On October 18, 1867, a group of Russian and American soldiers met in front of the governor’s house in New Archangel, Alaska to officially transfer control of the territory from Russia to the United States. The ceremony itself did not go smoothly, with the Russian flag becoming ensnared on the flagpole as the soldiers were pulling it down. It took three attempts by three men to scale the pole and retrieve the symbolic cloth, after which the American flag was raised in its place, speeches were said, cannons were fired, and the Russians left, never to speak of the botched ceremony again. This ended over a century of Russian involvement in the Alaskan territory and throughout the Pacific coast of North America.
Russians first officially traveled to Alaska as part of an expedition at the request of Tsar Peter I in 1741. Two parties on this voyage reached different areas on the Alaska coastline just a day apart. The first landed a longboat on Prince of Wales Island in Southeast Alaska, while the other, led by Vitus Bering, was the first to sight the Alaskan mainland before turning back to Russia. Bering and his men wrecked their ship on Bering Island (it wasn’t called that when they struck it), the westernmost island in the Aleutian chain and despairingly close to Russia. The crew was forced to spend the winter on the barren rock and Bering himself wouldn’t survive, perhaps enticing the powers that be to name the Island and the sea that surrounds it after him. Much of his crew made it back to Russia, however, and the fur pelts they brought from Alaska were enticing enough to spur a permanent Russian presence in the new territory.
The story of Russian America, as the Alaskan territory was known while under Russian control, is not too different from the colonization that occurred on the eastern side of the continent. Russians came in force and met two main indigenous peoples, the Aleut and the Tlingit. At first, the Aleut sold their trapped furs to the Russians, but this relationship devolved until the tribe was in de facto slavery. Many Aleuts converted to Russian Orthodox Christianity and began speaking Russian, traditions some maintain today. The Tlingit had less of a close relationship with the colonists, at first partaking in shady land deals, and later facing the Russians in open combat. The city of Sitka, formerly New Archangel, stands on the ruins of a razed Tlingit village.
Russian America peaked in the early 19th century. There were numerous settlements in the Aleutian Islands, along the southern coast of Alaska, and even as far south as California wine country. Fort Ross was a Russian settlement in modern day Sonoma County that was operational as late as 1842, just 6 years before the United States acquired California from Mexico in the Treaty of Guadeloupe Hidalgo. The Russians sold Fort Ross, and began contemplating a sale of the entire Russian America territory in the midst of declining fur trapping business and troubles at home. Additionally, the crown saw a diminishing value in the territory and predicted that either America or Britain would try and take it forcibly at some point in the future. Avoiding a costly war, and turning their asset into cash, the Russians decided to sell and America was ready to buy. In 1867, William Seward, the Secretary of State, negotiated a purchase of the entire Russian America territory for around $7 million.
Most Americans weren’t convinced that Seward’s purchase was a good move.
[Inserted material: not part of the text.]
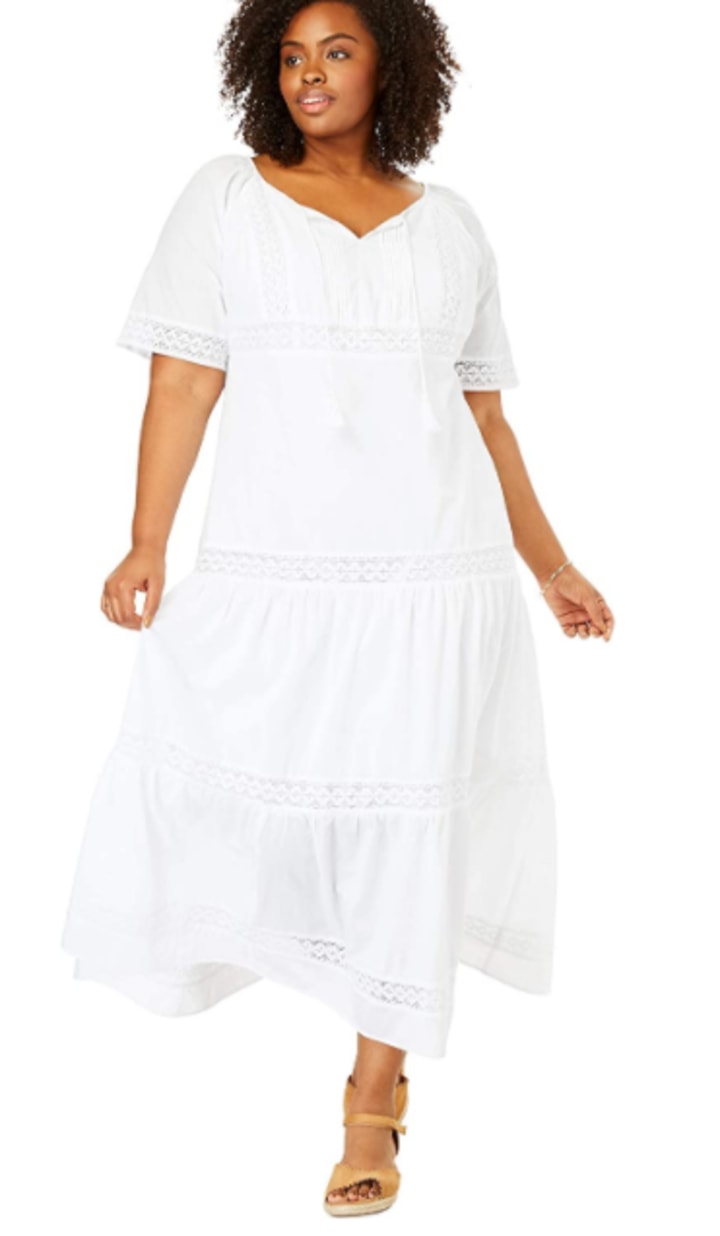 plus size maxi dresses for summer wedding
It was a hefty price tag for the time, and for a distant, largely uninhabited plot of land where most Americans hadn’t been and would never go. Historical economists are still in disagreement on whether the financial side of the purchase made sense and if the United States ever actually recovered a profit on the sale. (It would seem historical economists don’t have much to do.) It is still under appreciated just how big Alaska really is: if you overlaid the state on the lower 48, the easternmost point would be in Jacksonville, with the furthest west Aleutian Island would lie just north of San Francisco. The landmass itself is bigger than Texas, California, and Montana put together. To put it plainly, it’s huge. And it contains some of the most ruggedly intense natural beauty in the world, unparalleled wildlife, and, if we’re making a practical economic argument, vast oil reserves that keep the United States closer to energy independence. In geopolitical terms, it was no doubt a good idea to buy up as much of the North American continent as possible - the Cold War would have been a little bit warmer with Russian missile bases sitting just 400 miles from Seattle.
Understanding Russia’s early presence in Alaska is important for a number of reasons. When painted in broad strokes, American history pivots around the point of the Revolutionary War, when Americans won their right for self-determination. This, however, did not guarantee them the right to spread across the entire continent. For nearly a century after 1783, Spain, France, Mexico, England, and even Russia held claim to different parcels of land within the United States’ current borders (read more about this in the story of how California got its shape), Our borders were not destined, and there were numerous occasions on which events could have transpired a little differently and America today would be adjacent to 3, 4, or even 5 different nations. Removing the rhetoric and politics, it’s a whimsical notion that had events happened on a slightly different course, we could today be importing wines from the Napa region of Russian America.